Roof did not try to hide his motives before or after the murders—he hated black people and hoped to ignite a race war that would put blacks back in their proper place in a segregated society. His few friends didn’t take him seriously until it was too late. A Facebook photo showed him wearing the flag patches of the old apartheid regimes of South Africa and Rhodesia. His own South had had to abandon apartheid, at least legally, after the U.S. Supreme Court’s Brown decision in 1954 and the passage of civil rights laws in the 1960s. In every community of the South and much of the North we are still struggling with the legacies of slavery and segregation, although most folks in the South concur with a majority of the U.S. Supreme Court that inequality and injustice are things of the past.

Dylann Roof expected to be admired as a hero and a martyr even as he is prosecuted for murder, and perhaps in some quarters he will be, quietly. Timothy McVeigh, who bombed the federal building in Oklahoma City, thought he was the vanguard of the American right, which was rising up against a tyrannical liberal government.

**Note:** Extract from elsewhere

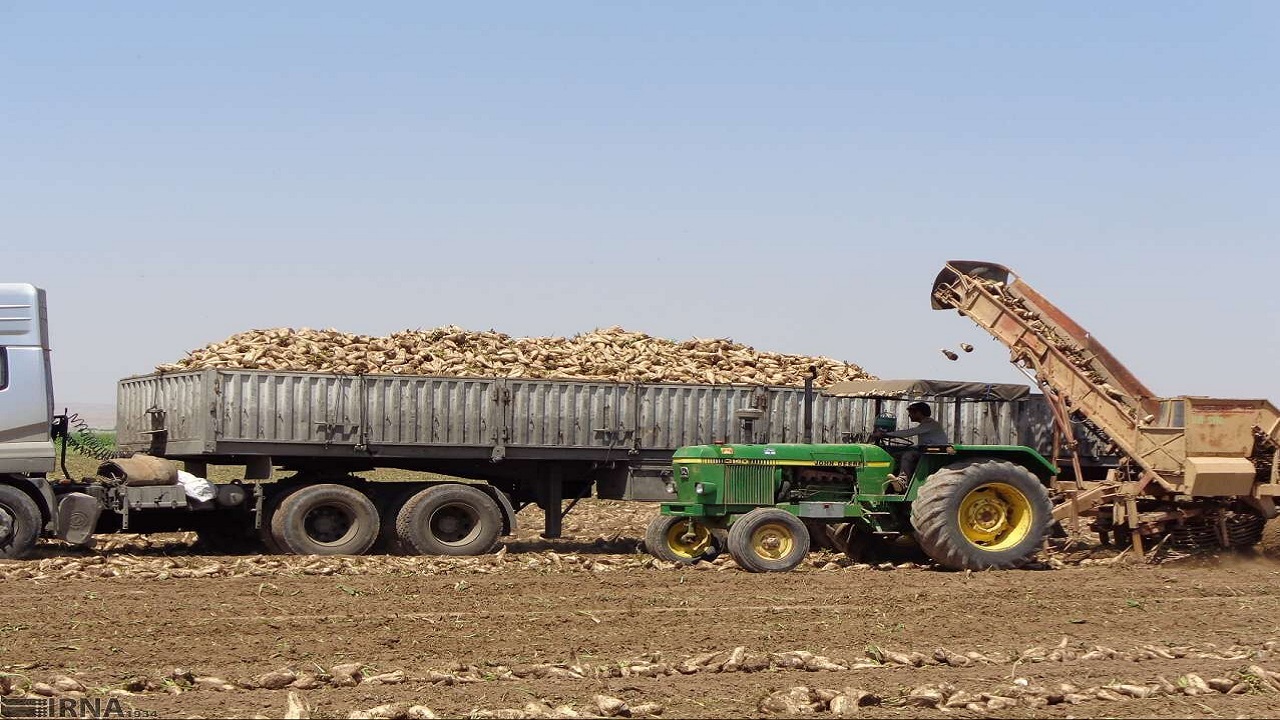 پرداخت بیش از ۷۲ درصد از مطالبات چغندرکاران آذربایجان غربی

Like McVeigh, Roof is demented, but it is not hard to see how the misimpressions developed as he and his pals haunted the bars and strip joints around Charleston. To soak up the message that America is headed to ruin and that great acts are needed to save it, he did not have to link up with the online hate groups or social media that proclaim the tyranny of the black president or the growing power of blacks and immigrants. You hear it at nearby lunch tables or the workplace and you see it in unsolicited emails. And, if you are in our beloved South, you see it symbolized in the civil venues.

Let it be said that, unlike the church bombings and racial killings during the not-so-distant civil rights era, the South Carolina officials reacted not with mild disapproval but with genuine outrage and, unlike the Fox network, they called it what it was, a racially motivated mass murder that had to be punished to the fullest extent of the law. (Fox suggested that Roof was carrying out the left’s agenda of stifling religious liberty; an NRA leader said the minister, a state senator, was killed because he had voted against a concealed carry bill in the legislature.)

Still…

The Confederate battle flag still flew over the Capitol at Charleston, the cradle of the Confederacy. The state still officially proclaims that South Carolina must maintain its reverence for the cause of the Confederacy and the soldiers who fought for that cause. Although Dylann Roof killed for that cause, too, the governor and other officials say the issue of the flag is just too complicated to deal with. Some day, maybe.

Here in Arkansas two months ago, the Republican legislature beat down a bipartisan effort, led by a conservative Republican (now turned independent), to abandon Gen. Robert E. Lee’s birthday as an official holiday shared with Dr. Martin Luther King. Lee is a symbol of our great lost causes—secession and the preservation of slavery. It was explained on the legislative floor and in the editorial pages of the statewide newspaper that Lee was a brilliant and humane general and just a good man, qualities that should be celebrated through an official holiday. It occurred to us that if revered generalship needs enshrining, a more deserving honoree might be Dwight D. Eisenhower, who in the last great war led a nobler cause than slavery—the defeat of tyranny—and was a good enough general to actually win his war and then lead his country nobly in peace.

We have not reconciled with our past and Dylann Roof, sadly, will not be the last to remind us.

For hope, turn to the relatives of the slain black worshipers, who showed up yesterday morning at his arraignment not to shout imprecations at the killer but, one after another, to express their grief but also their forgiveness and to ask God’s mercy for the killer. They swapped hate for love.

“I’m a work in progress and I acknowledge that I’m very angry,” said Bethane Middleton-Brown, whose sister, a Methodist minister, Roof shot point blank with the revolver his parents gave him the money to buy for his birthday. “She taught me we are the family that love built. We have no room for hate. We have to forgive.”